Wohnraum/Gewerbe Außer Frage steht für Fillgraff, dass neuer Wohnraum nötig ist. Er widerspricht aber der Vermutung, das Gebiet Ziegeläcker III stehe in der Kritik. Uneinigkeit bestehe nur in der Frage der Zufahrt. Und hier will er schnell Klärung schaffen. Ebenso erklärt Franco Olias: „Ich würde das Gebiet nicht stoppen, es ist schon viel zu weit im Prozess fortgeschritten.“ Sie bezweifelt aber, ob es künftig neue Gebiete auf der grünen Wiese geben wird, „viele Gebiete schließen sich von alleine aus aufgrund der Begebenheiten“, sie liegen in Schutzgebieten oder topografisch ungünstig. Laiblin erinnerte an den deutlichen Anstieg der Baupreise. Die Planungsphase des Gebiets Ziegeläcker III lag noch vor dieser Zeit. Er sagte: „Ich bin großer Fan von Mehrgenerationenhäusern.“ Auch Ehnis zeigte sich kritisch, ob Einfamilienhäuser speziell für junge Familien noch finanzierbar sind. Er plädierte für den Bau von Mehrfamilienhäusern. Beim Thema Gewerbegebiete ist Ehnis sicher, „es gibt nicht mehr viele Gebiete, die man als Gewerbegebiete ausweisen kann“. Franco Olias plädiert auch hier für eine Priorisierung. Welche Flächen stehen zur Verfügung und wo könnten am schnellsten mit geringsten Eingriffen Gebiete ausweisen werden? Laiblin würde weitere Industrie am Ort ansiedeln, „wir haben hier eine optimale Verkehrsanbindung“. Ihm schwebt ein Pelletwerk vor.
Weitere Themen
Verkehr Ohne Auto geht es im ländlichen Bereich nicht, da waren sich alle einig. Fillgraff sagte: „Wir sind zu fünft und haben ein Auto. Wir schaffen damit den Alltag, aber ohne wäre es schwer.“ Auch Laiblin bemerkte, an seinem Wohnort in Berwinkel fährt nur fünfmal am Tag der Bus. Er plädierte ebenso wie Franco Olias für einen Bürgerbus. Und auch Ehnis sagte, ein Auto zu haben werde in den Teilorten wohl auch in Zukunft wichtig sein. Für Ehnis sind auch Fahrradboxen und Leihräder sinnvoll, Fillgraff sprach den Ausbau von sicheren Rad- und Fußwegen an. Die größte Übereinstimmung herrschte jedoch beim Thema Kampf dem Motorradlärm. Alle Kandidaten sind sich bewusst, dass der Lärm die Lebensqualität extrem einschränkt und dass alles unternommen werden muss, dies abzustellen.

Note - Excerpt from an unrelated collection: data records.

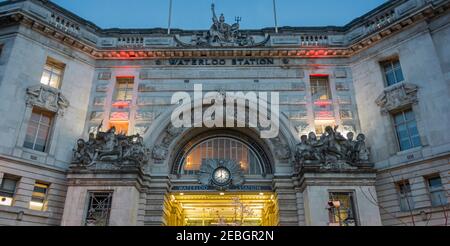 Ingresso alla stazione di Waterloo nella città di Londra, Regno Unito Foto Stock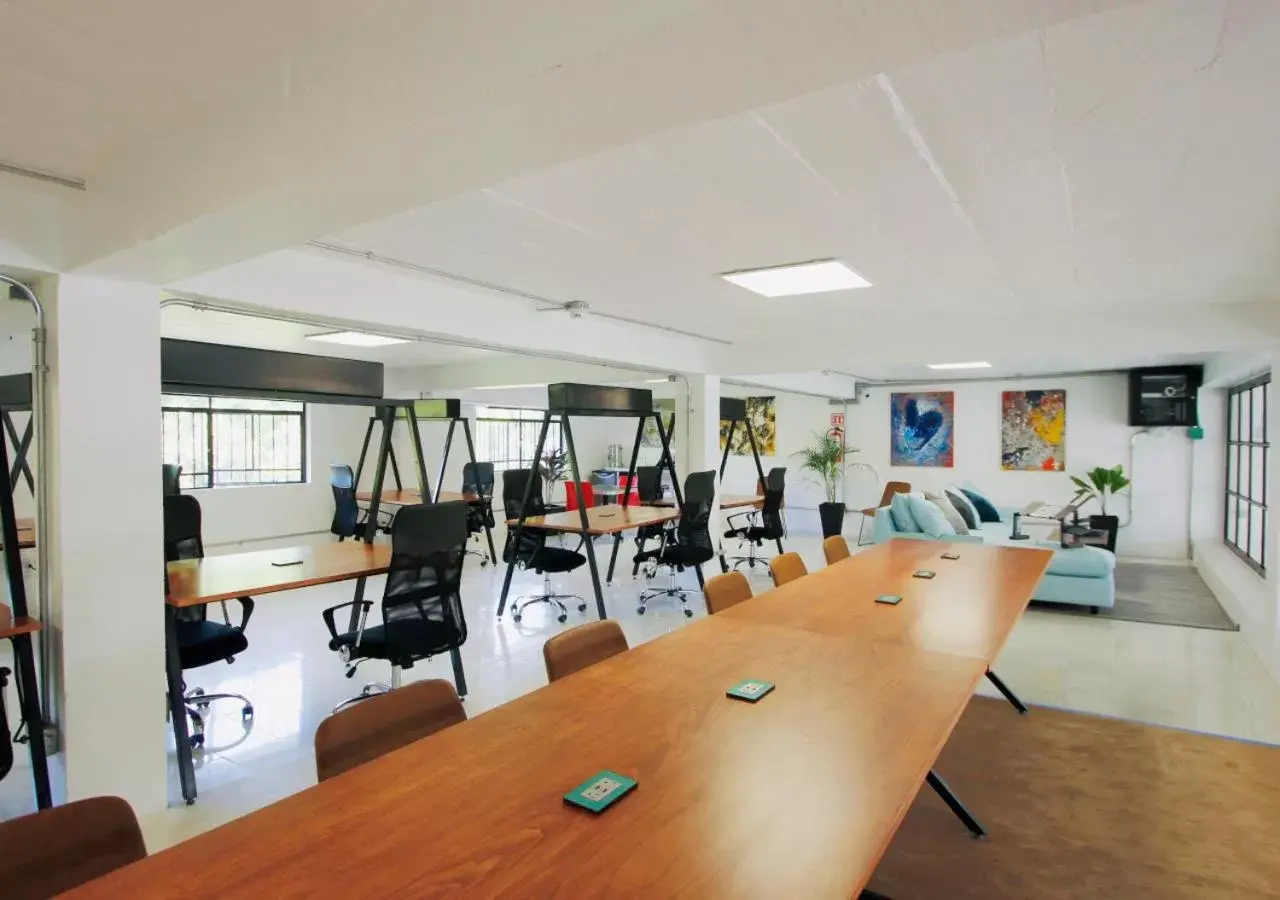 Business facilities in Joint Coworking Hotel
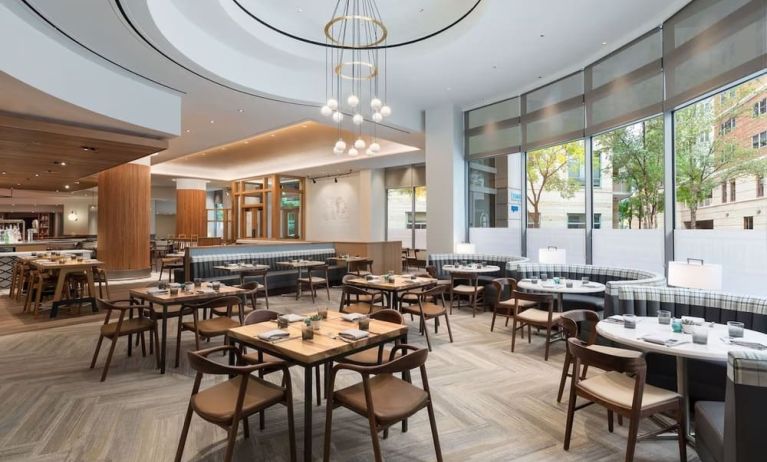 Dining area with natural light perfect for coworking at The Westin Arlington Gateway.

Ökologie Große Gemeinsamkeiten gab es auch beim Thema Klimaschutz. Franco Olias möchte einen Klimamanager einstellen, „da gibt es ein tolles Förderprogramm“. Wie alle Mitbewerber plädierte sie für den Ausbau der Fotovoltaikanlagen. Dass sie für moderne Technik aufgeschlossen ist, deutete sie an, als sie die Wärmegewinnung aus Abwasser auflistete. Ehnis würde schnell alle Lampen auf LED umstellen und Beratungsmöglichkeiten anbieten. Laiblin möchte noch mehr Energie aus Holz gewinnen, das Nahwärmenetz ausbauen und Gebäude isolieren. Der Anschluss des Wohngebiets Hummelbühl an das Nahwärmenetz steht bei Fillgraff auf dem Prüfstand. Auffallend war, dass sich keiner der Kandidaten zur Windkraft äußerte. Erst auf Nachfrage von Moderator Kornelius Fritz nahmen sie vorsichtig Stellung zu dem heiklen Thema und betonten, bei jedem Standort müssten die Argumente abgewogen werden. Laiblin und Ehnis sprachen sich immerhin dafür aus, dass, wenn ein Windrad gebaut wird, die Bürger Anteil am Nutzen haben sollten.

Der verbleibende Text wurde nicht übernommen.